Simple 1-dimensional uniform distribution

We define a uniform distribution function given by:

\[X \sim \mathcal{U}(c,r),\]

where \(c\) is the center of the distribution, and \(r\) is the range. The distribution’s density function \(f(x)\) is given by

\[\begin{split}f(x)={ \begin{cases} 0 &{\text{for }}x < c-\frac{r}{2} \\ {\frac{1}{r}} &{\text{for }}c-\frac{r}{2} \leq x \leq c+\frac{r}{2} \\ 1 &{\text{for }}x > c+\frac{r}{2} \end{cases} }\end{split}\]

[1]:

# Simple 1-dimensional uniform distribution
import numpy as np
from mvm import UniformFunc

center = 10.0
range = 5.0

dist = UniformFunc(center=np.array([center]), interval=np.array([[range, ]]))
dist.random(10000) # draw 10000 samples from the distribution (they are stores inside)

[1]:

array([12.06919296, 13.10179147, 13.79772695, ...,  5.36410736,
       14.69095015,  9.09991231])

We can check the approximate mean and standard deviations of the distribution and compare them with the exact values

[2]:

mean = dist.samples.mean() # should be close to 10.0
std = dist.samples.std()

# true standard deviation
exact_std = np.sqrt(((range*2)**2)/ 12)

print('Approximate mean: %f, \nExact mean: %f' %(mean,center))
print('Approximate standard deviation: %f, \nExact standard deviation: %f' %(std,exact_std))

dist.view()

Approximate mean: 9.993473,
Exact mean: 10.000000
Approximate standard deviation: 2.773436,
Exact standard deviation: 2.886751

../_images/notebooks_PDF_examples_4_1.png

<Figure size 432x288 with 0 Axes>

1-dimensional Gaussian distribution

We repeat the same exercise for the Gaussian distribution given by:

\[X \sim \mathcal{N}(\mu,\sigma),\]

where \(\mu\) is the mean of the distribution, and \(\sigma\) is the standard deviation.

[3]:

# Simple 1-dimensional Gaussian distribution
from mvm import GaussianFunc

mu = 10.0
sigma = 5.0

dist = GaussianFunc(mu=np.array([center]), sigma=np.array([[sigma**2, ]]))
dist.random(10000) # draw 10000 samples from the distribution (they are stores inside)

[3]:

array([12.33780984,  7.29394816,  8.45848063, ...,  6.60838067,
       -1.183258  ,  8.64297244])

We can check the approximate mean and standard deviations of the distribution and compare them with the exact values

[4]:

mean = dist.samples.mean() # should be close to 10.0
std = dist.samples.std()

print('Approximate mean: %f, \nExact mean: %f' %(mean,mu))
print('Approximate standard deviation: %f, \nExact standard deviation: %f' %(std,sigma))

dist.view()

Approximate mean: 10.013612,
Exact mean: 10.000000
Approximate standard deviation: 4.806228,
Exact standard deviation: 5.000000

../_images/notebooks_PDF_examples_8_1.png

<Figure size 432x288 with 0 Axes>

1-dimensional arbitrary distribution

We define a random distribution using a custom piecewise linear probability density function given by:

\[\begin{split}f(x)={ \begin{cases} -0.1x &{\text{for }}x < 0 \\ 0.5x &{\text{for }}0 \leq x \leq 50 \\ 1 &{\text{for }}x > 50 \end{cases} }\end{split}\]

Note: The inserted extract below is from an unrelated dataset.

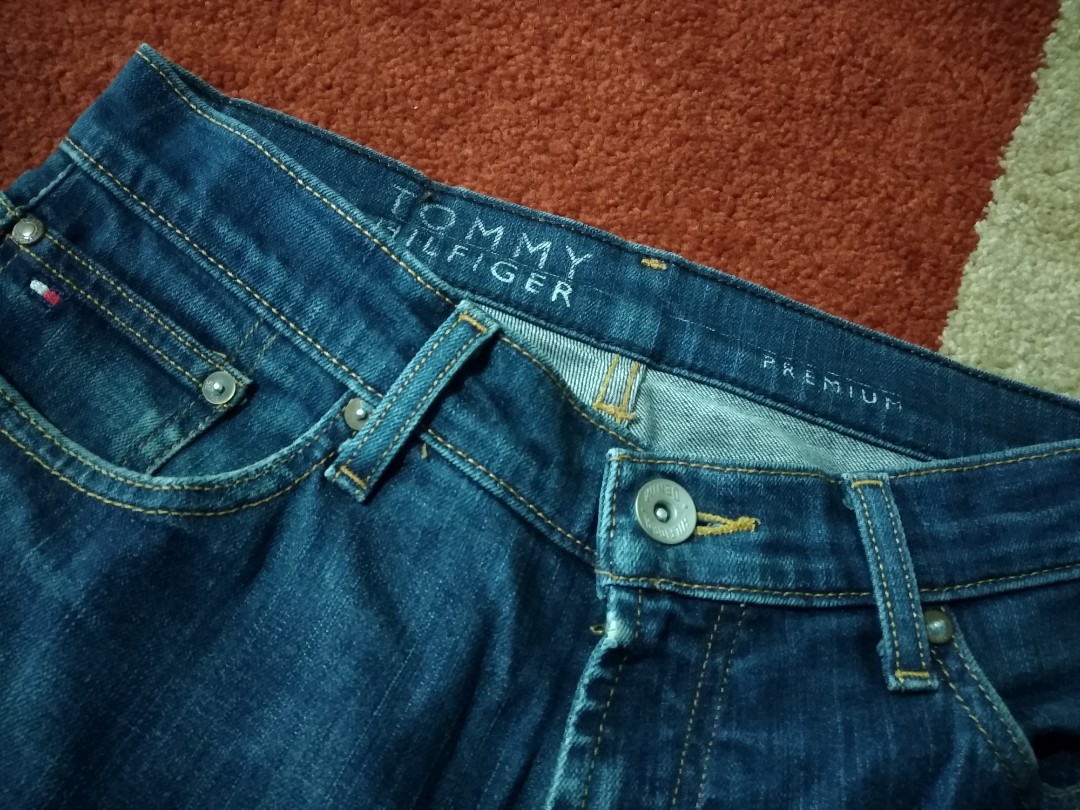 Detail Celana Jeans Tommy Hilfiger Nomer 43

The density function can be defined by the user as follows. The density function is divided by the total area to ensure that total probability of the density function does not exceed 1

[5]:

from mvm import Distribution
import matplotlib.pyplot as plt

x = np.linspace(-100, 100, 100)  # 2D grid

# define a piecewise linear function
def density(x):
    density = np.empty(0)
    for value in x:
        if value <= 0:
            p = -0.1 * value
        elif value > 0 and value <= 50:
            p = 0.5 * value
        else:
            p = 50

        density = np.append(density,p)

    area = np.trapz(density, x)
    density /= area # normalize by the area

    return density

p = density(x)
plt.plot(x,p)

[5]:

[<matplotlib.lines.Line2D at 0x1f0d7213e48>]

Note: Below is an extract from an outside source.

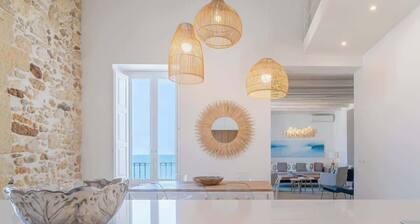 Regine luxury apartment by Dimore in Sicily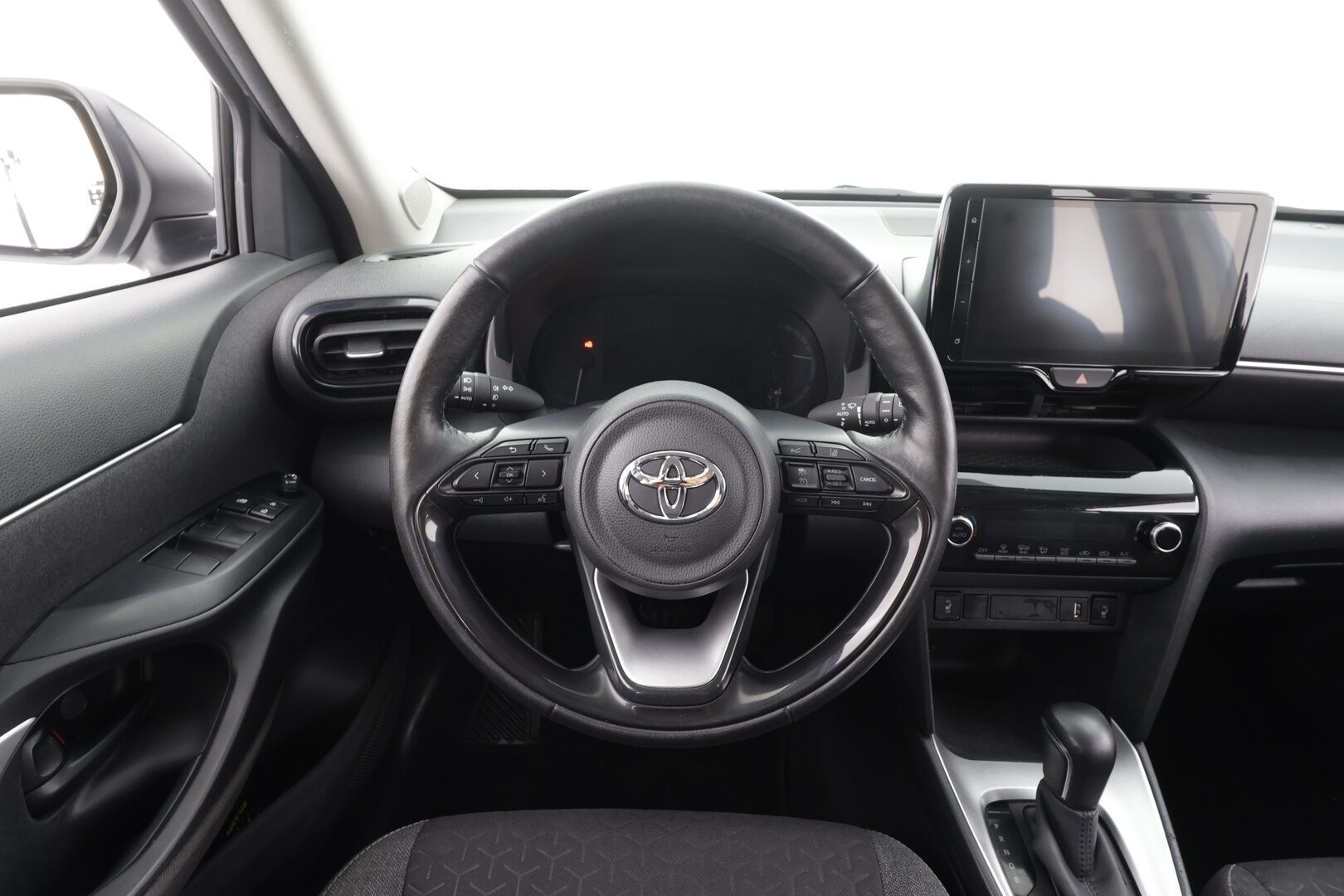 Toyota Yaris Cross 2023 1,5 Hybrid Active Business - | ACC | P.kamera | LTA | RSA | Keyless | LED | Apple & Android | Lämm. ratti | Aut. pitkät | Merkkihuollot | 1-om suomiauto | 2x renkaat aluin | ALV |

../_images/notebooks_PDF_examples_10_1.png

The values of the density function can be fed to the Distribution class and used for further sampling

[6]:

# define the arbitrary distribution by providing the density values
dist = Distribution(p,lb=-100,ub=100)
dist.random(10000)
dist.view()

# Compare with exact density function
fig, ax = plt.subplots(figsize=(7, 6))
ax.set_xlabel('values')
ax.set_ylabel('density')

ax.hist(dist.random(10000).squeeze(), bins=100, density=True)
ax.plot(np.linspace(-100,100,100),p)
plt.show()

../_images/notebooks_PDF_examples_12_0.png

../_images/notebooks_PDF_examples_12_1.png

2-dimensional Gaussian distribution

We define a 2-dimensional joint probability density function using the same built-in Guassian class. The joint PDF is given as follows

\[X \sim \mathcal{N}(\boldsymbol{\mu},\boldsymbol{\Sigma}),\]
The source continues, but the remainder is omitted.